*What the task asks*. Would you repeat the listing exactly but omit every picture?

*Data shown*.
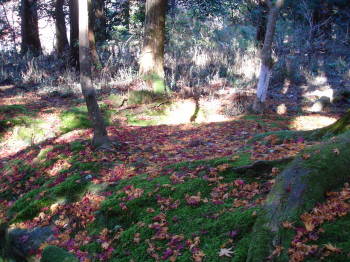 西明寺散った紅葉と苔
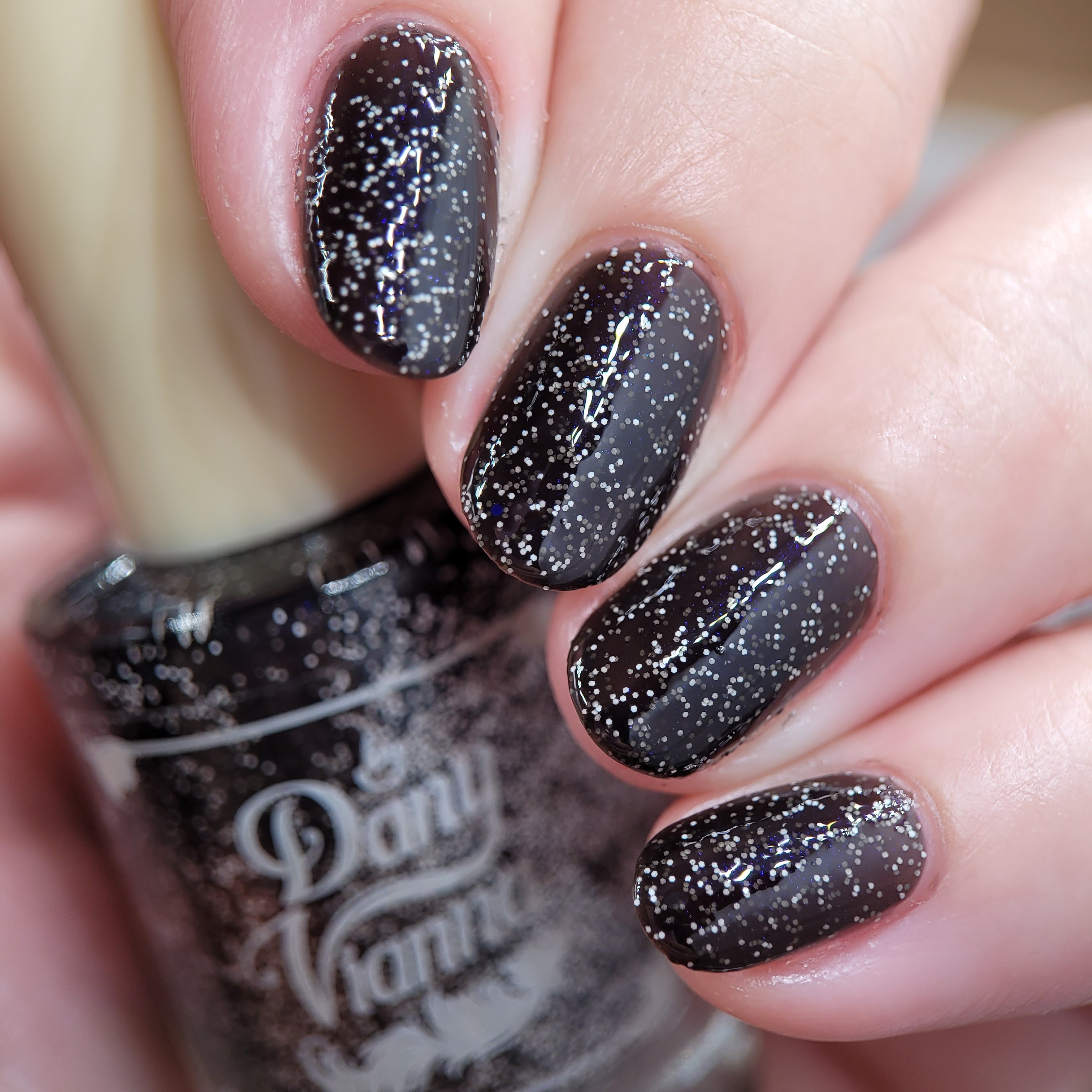 Starry Night Metalmark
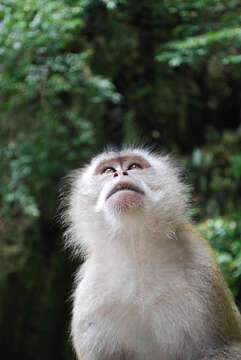 Image of Long-tailed Macaque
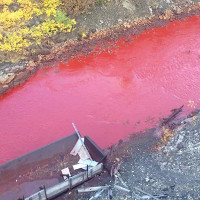 Kinh hoàng vì sông đổi màu, đỏ lừ như máu ở Nga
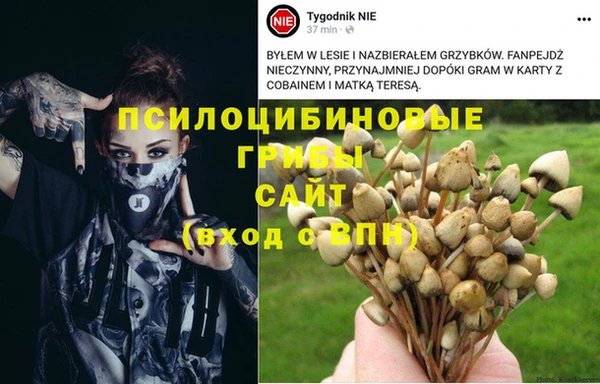 кокс Абинск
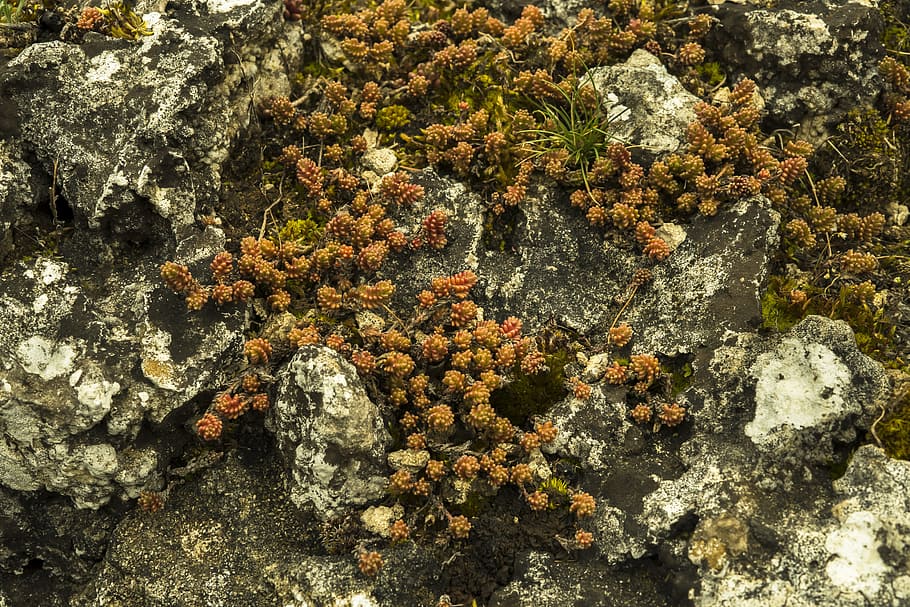 Rock, Fouling, Stone, Nature, Moss, rock lichen, idyllic, hiking, mood, close-up
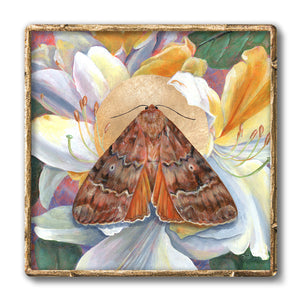 copper underwing moth rhododendron art print in gold frame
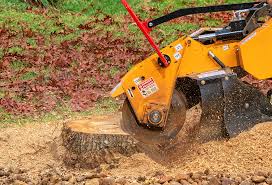 Best Weed Control  in Bellingham, WA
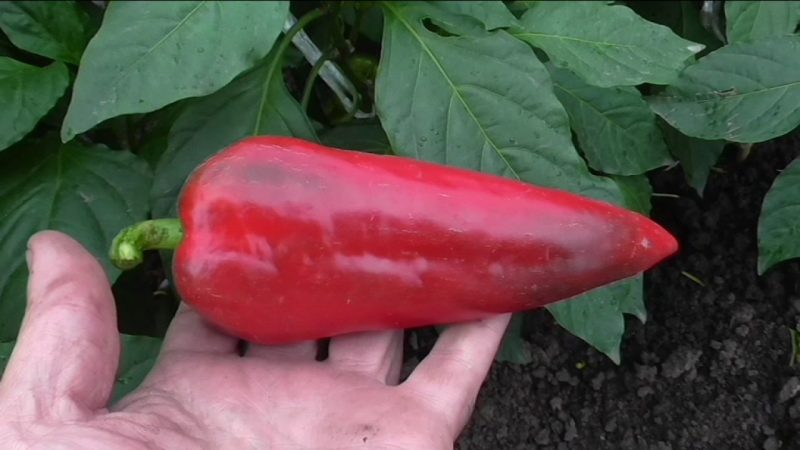 Por que vale a pena cultivar pimenta híbrida Atlant e como isso pode surpreendê-lo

*Answer section*.
 西明寺散った紅葉と苔
 Starry Night Metalmark
 Image of Long-tailed Macaque
 Kinh hoàng vì sông đổi màu, đỏ lừ như máu ở Nga
 кокс Абинск
 Rock, Fouling, Stone, Nature, Moss, rock lichen, idyllic, hiking, mood, close-up
 copper underwing moth rhododendron art print in gold frame
 Best Weed Control  in Bellingham, WA
 Por que vale a pena cultivar pimenta híbrida Atlant e como isso pode surpreendê-lo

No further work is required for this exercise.